Sin embargo, esa realidad comenzó a transformarse con el lanzamiento de Visión 2030, un proyecto impulsado para diversificar la economía y preparar al país para un escenario menos dependiente del petróleo.
En pocos años llegaron cambios que parecían impensables. Las mujeres obtuvieron el derecho a conducir, aumentó su presencia en sectores como la tecnología, el turismo, la aviación y el emprendimiento, y cada vez es más frecuente encontrarlas ocupando cargos directivos o liderando nuevos negocios.
Las reformas han cambiado el paisaje de ciudades como Riad, donde la participación femenina en el mundo laboral crece año tras año y forma parte de la estrategia económica del país.
Aun así, el proceso no está exento de desafíos. Organizaciones internacionales continúan señalando limitaciones relacionadas con la libertad de expresión, el activismo y algunos aspectos del marco jurídico.
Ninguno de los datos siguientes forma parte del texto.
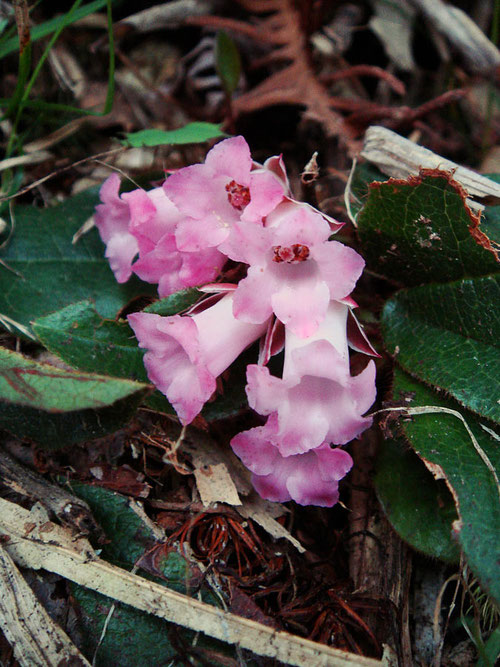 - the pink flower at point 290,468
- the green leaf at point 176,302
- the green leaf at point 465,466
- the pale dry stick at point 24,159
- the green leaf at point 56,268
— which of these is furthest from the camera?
the pale dry stick at point 24,159

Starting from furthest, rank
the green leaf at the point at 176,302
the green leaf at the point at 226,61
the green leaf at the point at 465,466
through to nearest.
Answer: the green leaf at the point at 226,61 < the green leaf at the point at 176,302 < the green leaf at the point at 465,466

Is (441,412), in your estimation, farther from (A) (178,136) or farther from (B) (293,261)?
(A) (178,136)

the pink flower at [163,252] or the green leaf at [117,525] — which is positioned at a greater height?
the pink flower at [163,252]

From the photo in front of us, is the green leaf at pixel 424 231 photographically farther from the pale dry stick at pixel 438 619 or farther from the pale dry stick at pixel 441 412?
the pale dry stick at pixel 438 619

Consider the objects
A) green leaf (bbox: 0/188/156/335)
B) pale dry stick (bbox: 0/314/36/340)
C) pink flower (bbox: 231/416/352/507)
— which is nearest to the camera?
pink flower (bbox: 231/416/352/507)

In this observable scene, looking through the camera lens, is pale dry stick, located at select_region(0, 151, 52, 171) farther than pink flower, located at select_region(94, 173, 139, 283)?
Yes

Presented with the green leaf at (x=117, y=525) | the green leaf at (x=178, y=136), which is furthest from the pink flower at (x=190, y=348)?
the green leaf at (x=178, y=136)

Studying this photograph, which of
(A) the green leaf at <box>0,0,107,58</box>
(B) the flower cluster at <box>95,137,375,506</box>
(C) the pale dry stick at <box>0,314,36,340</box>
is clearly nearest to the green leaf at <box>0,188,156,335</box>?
(C) the pale dry stick at <box>0,314,36,340</box>

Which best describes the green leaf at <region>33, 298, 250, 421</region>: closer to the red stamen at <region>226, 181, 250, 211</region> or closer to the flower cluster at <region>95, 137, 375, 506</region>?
the flower cluster at <region>95, 137, 375, 506</region>

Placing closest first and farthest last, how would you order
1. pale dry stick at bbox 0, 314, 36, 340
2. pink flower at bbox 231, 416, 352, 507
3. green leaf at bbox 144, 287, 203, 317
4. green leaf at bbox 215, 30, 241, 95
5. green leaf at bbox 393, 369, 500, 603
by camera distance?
green leaf at bbox 393, 369, 500, 603, pink flower at bbox 231, 416, 352, 507, green leaf at bbox 144, 287, 203, 317, pale dry stick at bbox 0, 314, 36, 340, green leaf at bbox 215, 30, 241, 95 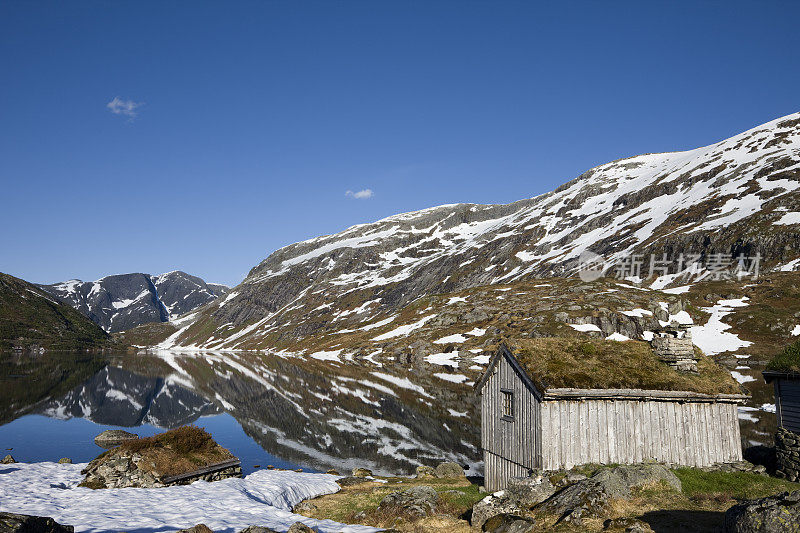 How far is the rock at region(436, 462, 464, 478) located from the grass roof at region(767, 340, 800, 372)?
60.0ft

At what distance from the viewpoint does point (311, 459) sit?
3991 cm

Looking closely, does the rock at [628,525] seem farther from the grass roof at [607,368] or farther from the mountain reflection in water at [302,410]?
the mountain reflection in water at [302,410]

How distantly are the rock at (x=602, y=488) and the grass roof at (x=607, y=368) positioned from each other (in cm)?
387

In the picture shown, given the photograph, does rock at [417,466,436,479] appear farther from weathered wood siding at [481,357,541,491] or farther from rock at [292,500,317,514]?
rock at [292,500,317,514]

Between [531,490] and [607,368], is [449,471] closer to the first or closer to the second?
[531,490]

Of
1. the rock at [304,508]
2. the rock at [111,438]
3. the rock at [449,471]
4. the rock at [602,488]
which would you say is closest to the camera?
the rock at [602,488]

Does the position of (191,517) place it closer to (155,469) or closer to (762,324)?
(155,469)

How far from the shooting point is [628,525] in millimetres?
15891

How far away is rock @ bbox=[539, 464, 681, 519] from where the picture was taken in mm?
17547

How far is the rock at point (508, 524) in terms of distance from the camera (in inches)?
691

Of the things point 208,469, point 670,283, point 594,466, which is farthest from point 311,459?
point 670,283

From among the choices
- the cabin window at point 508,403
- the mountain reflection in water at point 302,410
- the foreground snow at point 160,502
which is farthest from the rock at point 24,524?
the mountain reflection in water at point 302,410

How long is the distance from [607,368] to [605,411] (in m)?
2.21

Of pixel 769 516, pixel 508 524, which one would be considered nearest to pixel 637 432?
pixel 508 524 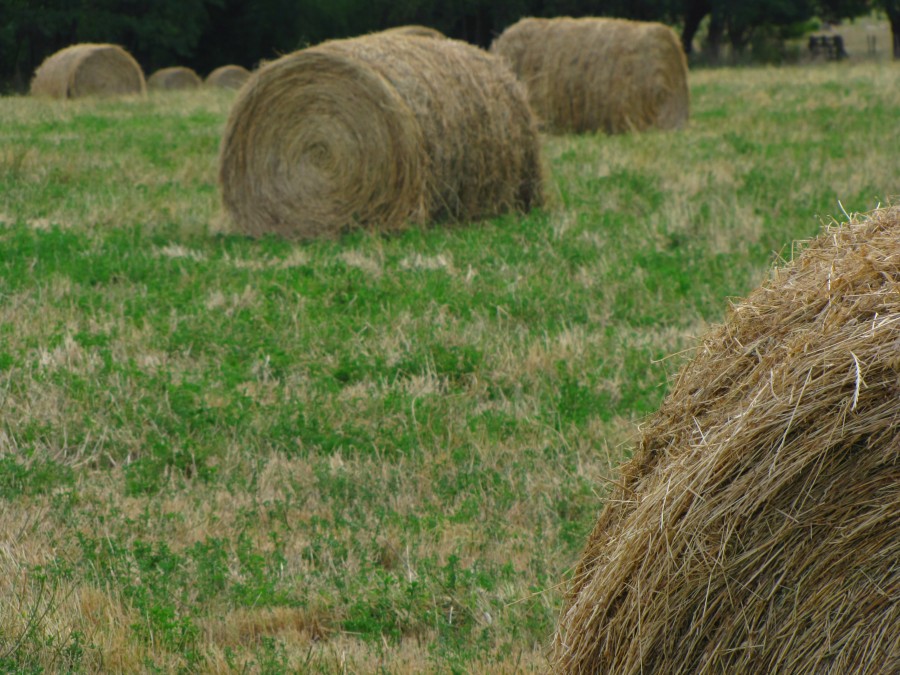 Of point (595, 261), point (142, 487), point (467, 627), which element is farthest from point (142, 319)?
point (467, 627)

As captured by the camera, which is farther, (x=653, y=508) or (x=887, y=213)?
(x=887, y=213)

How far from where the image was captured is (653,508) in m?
2.88

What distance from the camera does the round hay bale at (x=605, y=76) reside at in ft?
55.7

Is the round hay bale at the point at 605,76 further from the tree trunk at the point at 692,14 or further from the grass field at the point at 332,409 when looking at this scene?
the tree trunk at the point at 692,14

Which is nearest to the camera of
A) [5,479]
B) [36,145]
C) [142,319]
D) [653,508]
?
[653,508]

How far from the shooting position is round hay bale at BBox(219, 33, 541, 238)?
10016 mm

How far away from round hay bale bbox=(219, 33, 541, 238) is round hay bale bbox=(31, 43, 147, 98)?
1635cm

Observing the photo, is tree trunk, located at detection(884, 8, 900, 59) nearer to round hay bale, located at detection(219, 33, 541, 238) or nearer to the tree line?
the tree line

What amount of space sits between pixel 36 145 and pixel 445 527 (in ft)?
37.9

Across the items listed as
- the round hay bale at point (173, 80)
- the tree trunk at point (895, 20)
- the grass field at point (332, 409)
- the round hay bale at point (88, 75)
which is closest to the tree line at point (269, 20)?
the tree trunk at point (895, 20)

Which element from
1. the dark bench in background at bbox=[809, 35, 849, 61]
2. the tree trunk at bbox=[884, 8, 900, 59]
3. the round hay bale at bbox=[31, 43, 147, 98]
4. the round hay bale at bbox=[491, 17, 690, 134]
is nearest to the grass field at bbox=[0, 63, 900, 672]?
the round hay bale at bbox=[491, 17, 690, 134]

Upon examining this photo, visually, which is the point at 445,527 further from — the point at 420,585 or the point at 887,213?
the point at 887,213

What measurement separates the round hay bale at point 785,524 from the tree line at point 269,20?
120 ft

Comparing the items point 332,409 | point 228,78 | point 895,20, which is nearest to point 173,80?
point 228,78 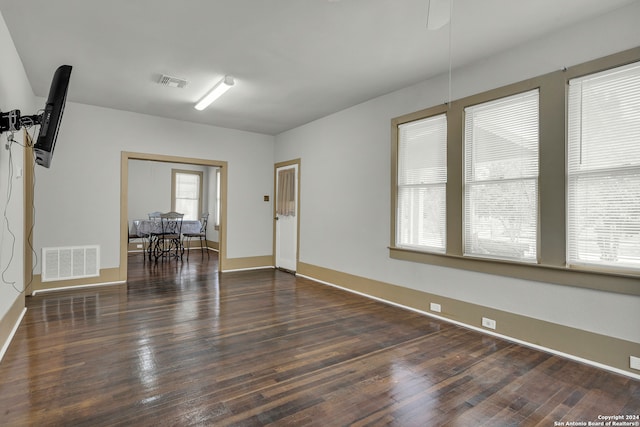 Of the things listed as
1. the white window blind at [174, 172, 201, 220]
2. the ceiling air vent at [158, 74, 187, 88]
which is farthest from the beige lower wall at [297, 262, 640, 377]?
the white window blind at [174, 172, 201, 220]

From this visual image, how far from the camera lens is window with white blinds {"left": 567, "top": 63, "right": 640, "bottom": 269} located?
2.50 m

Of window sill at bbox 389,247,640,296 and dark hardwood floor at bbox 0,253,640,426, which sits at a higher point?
window sill at bbox 389,247,640,296

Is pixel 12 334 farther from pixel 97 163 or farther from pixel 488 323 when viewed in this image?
pixel 488 323

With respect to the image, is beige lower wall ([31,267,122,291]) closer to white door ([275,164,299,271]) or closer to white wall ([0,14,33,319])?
white wall ([0,14,33,319])

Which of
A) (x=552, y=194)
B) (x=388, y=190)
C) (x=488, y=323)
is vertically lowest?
(x=488, y=323)

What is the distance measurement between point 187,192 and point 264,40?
25.7ft

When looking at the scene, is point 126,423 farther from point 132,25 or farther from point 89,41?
point 89,41

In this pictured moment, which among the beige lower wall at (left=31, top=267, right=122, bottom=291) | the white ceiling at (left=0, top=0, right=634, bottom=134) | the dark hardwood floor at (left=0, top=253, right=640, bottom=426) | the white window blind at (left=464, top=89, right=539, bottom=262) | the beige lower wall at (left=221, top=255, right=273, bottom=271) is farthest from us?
the beige lower wall at (left=221, top=255, right=273, bottom=271)

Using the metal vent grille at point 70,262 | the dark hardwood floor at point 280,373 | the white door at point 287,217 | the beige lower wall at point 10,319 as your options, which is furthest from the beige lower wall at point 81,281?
the white door at point 287,217

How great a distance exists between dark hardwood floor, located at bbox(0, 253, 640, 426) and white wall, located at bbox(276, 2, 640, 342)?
406 millimetres

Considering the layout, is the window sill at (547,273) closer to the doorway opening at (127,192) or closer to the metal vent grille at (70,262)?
the doorway opening at (127,192)

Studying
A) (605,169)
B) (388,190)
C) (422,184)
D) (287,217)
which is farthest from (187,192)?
(605,169)

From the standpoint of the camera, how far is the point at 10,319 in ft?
10.1

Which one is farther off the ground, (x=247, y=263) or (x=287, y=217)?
(x=287, y=217) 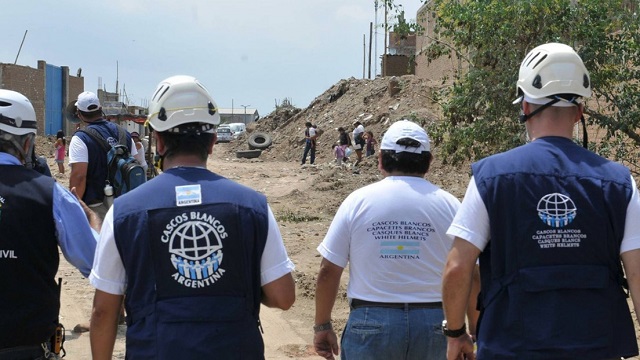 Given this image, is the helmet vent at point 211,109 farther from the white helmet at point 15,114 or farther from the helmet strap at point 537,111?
the helmet strap at point 537,111

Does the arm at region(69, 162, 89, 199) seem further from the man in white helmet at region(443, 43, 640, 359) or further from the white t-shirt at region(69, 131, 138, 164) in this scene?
the man in white helmet at region(443, 43, 640, 359)

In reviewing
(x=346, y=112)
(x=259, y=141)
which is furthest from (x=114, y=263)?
(x=259, y=141)

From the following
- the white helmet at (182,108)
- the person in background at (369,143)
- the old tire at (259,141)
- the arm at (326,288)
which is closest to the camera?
the white helmet at (182,108)

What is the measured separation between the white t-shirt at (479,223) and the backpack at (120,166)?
15.2ft

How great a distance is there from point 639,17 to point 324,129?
3043 centimetres

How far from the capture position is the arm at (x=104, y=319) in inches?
126

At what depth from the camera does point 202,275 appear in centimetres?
309

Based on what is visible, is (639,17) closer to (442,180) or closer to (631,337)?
(631,337)

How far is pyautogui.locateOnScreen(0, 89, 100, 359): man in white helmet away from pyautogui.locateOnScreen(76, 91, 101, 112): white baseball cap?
3974 mm

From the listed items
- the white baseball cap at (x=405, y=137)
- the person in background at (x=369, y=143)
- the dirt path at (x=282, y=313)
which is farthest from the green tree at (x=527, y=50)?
the person in background at (x=369, y=143)

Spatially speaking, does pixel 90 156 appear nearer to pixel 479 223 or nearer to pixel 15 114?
pixel 15 114

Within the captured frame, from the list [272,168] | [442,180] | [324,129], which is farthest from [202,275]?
[324,129]

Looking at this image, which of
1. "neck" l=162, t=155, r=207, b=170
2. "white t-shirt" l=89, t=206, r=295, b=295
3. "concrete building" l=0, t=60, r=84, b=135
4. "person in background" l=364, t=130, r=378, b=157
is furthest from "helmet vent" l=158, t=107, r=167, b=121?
"concrete building" l=0, t=60, r=84, b=135

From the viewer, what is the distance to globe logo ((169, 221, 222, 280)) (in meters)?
3.09
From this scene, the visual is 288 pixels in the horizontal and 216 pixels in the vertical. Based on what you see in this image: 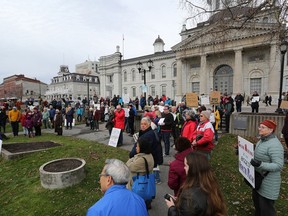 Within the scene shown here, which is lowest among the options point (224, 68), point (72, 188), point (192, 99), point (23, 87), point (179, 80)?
point (72, 188)

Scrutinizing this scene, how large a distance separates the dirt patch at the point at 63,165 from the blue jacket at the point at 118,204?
181 inches

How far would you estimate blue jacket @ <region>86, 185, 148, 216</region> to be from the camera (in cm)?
173

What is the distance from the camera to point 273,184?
2965mm

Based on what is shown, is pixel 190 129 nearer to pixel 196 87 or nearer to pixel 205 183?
pixel 205 183

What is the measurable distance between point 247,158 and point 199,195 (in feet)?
6.38

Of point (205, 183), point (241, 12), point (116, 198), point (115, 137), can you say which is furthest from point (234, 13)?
point (116, 198)

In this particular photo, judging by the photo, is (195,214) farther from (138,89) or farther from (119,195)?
(138,89)

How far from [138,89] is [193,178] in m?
49.5

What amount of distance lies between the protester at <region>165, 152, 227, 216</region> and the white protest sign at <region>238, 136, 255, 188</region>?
154 centimetres

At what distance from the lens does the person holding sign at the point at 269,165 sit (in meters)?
2.86

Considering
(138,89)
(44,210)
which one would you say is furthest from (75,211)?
(138,89)

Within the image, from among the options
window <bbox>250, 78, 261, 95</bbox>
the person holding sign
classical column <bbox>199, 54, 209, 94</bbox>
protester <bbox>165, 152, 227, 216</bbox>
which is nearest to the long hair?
protester <bbox>165, 152, 227, 216</bbox>

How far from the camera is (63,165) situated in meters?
6.26

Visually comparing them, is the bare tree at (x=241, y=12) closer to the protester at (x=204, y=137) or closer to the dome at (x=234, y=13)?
the dome at (x=234, y=13)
Como ocurre en muchas sociedades, los cambios legales no siempre avanzan al mismo ritmo que las transformaciones culturales.
Comparar ambos países permite descubrir una realidad que suele pasar desapercibida.
Irán cuenta con una población femenina altamente preparada desde el punto de vista académico, mientras Arabia Saudita ha acelerado la incorporación de las mujeres a la economía mediante reformas impulsadas desde el gobierno. Son estrategias distintas que responden a contextos políticos e históricos diferentes, pero que reflejan sociedades en constante transformación.
También existe un elemento que conecta ambas historias: las nuevas generaciones.
El acceso a internet, las redes sociales y la globalización han reducido las distancias entre culturas. Jóvenes iraníes y saudíes estudian en universidades internacionales, emprenden negocios digitales, participan en proyectos científicos y mantienen contacto permanente con personas de todo el mundo. Esa conexión ha ampliado las conversaciones sobre educación, liderazgo, igualdad de oportunidades y participación social.
Quizá por eso resulte cada vez más difícil hablar de Oriente Medio como si fuera una realidad uniforme. Detrás de cada frontera existen historias, ritmos de cambio y debates propios que no siempre coinciden con la imagen que suele proyectarse desde el exterior.
Irán y Arabia Saudita representan dos maneras distintas de afrontar un mismo desafío: cómo preservar una identidad cultural profundamente arraigada mientras responden a una sociedad que evoluciona y reclama nuevas oportunidades.
No existe una fórmula única ni un camino lineal. Los cambios sociales suelen construirse con avances, tensiones y negociaciones que requieren tiempo.
Y tal vez esa sea la mayor enseñanza que dejan estos dos países.
Las sociedades no permanecen inmóviles. Se transforman a medida que cambian las personas, las generaciones y las preguntas que cada época plantea.
Comprender esa complejidad no significa ignorar los desafíos que aún existen, sino reconocer que detrás de cada titular hay millones de mujeres que estudian, trabajan, emprenden, investigan, crean y participan activamente en la construcción del futuro de sus comunidades.
Porque, al final, la historia de un país nunca se escribe únicamente desde sus instituciones. También la escriben quienes, desde la vida cotidiana, impulsan cambios que muchas veces comienzan en silencio y terminan redefiniendo el rumbo de toda una sociedad.